Rather than use the potentially rich scenario to say something interesting, never mind profound, about how great singers come to terms — or not — with the decline of their voices, the film traffics in banalities, as in the line the Alzheimers-afflicted mezzo-soprano Cissy Robbins (Pauline Collins) utters repeatedly during the film’s 90 minutes: “Old age ain’t for sissies.”
The final member of the quartet is the lecherous Wilf (Billy Connolly): yet even if the spirit is strong, the flesh is unwilling. At the start of the movie, Wilf goggles and gropes a Polish nurse and she seems not to be offended, remaining respectful of her elder rather than slapping him in the face. Indeed, Wilf propositions — jokingly of course — all the women he encounters, including the home’s young, blonde head doctor. They counter with patient smiles and giggles, rather than a slap in the face or knee in the groin. Only a septuagenarian male writer would think this stuff is funny and endearing.
Meanwhile in dance class, a black woman teaches a group of old white musicians to shimmy their hips. Nearby, hapless Tom the Tenor gives one of his Tuesday lectures to a group of schoolkids which even includes some black faces. One of those belongs to a young rapper who improvises some verses about love and opera and thereby earns the aged singer’s respect.
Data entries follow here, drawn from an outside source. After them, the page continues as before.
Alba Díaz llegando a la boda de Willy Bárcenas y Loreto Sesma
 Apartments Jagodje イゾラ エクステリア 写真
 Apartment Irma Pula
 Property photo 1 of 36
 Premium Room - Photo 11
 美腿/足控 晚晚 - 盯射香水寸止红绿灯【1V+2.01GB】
These attempts to show wider cultural awareness on the part of the characters, or more especially, the filmmakers consistently misfire.
In Handel’s cosmopolitan London, the foreigners were vital as performers and composers. In Quartet the emigrants change the bedpans and deflect unwanted advances from randy, superannuated tenors. Rather than updating the sentimental story and expanding the frame beyond the rarefied world of opera, these ploys project an unintended message: although the landscape seen through Beecham House’s sash windows looks familiar, it is clear that this aged quartet of singers has, like Farinelli and Senesino before them, fled to a foreign country — one called “England.”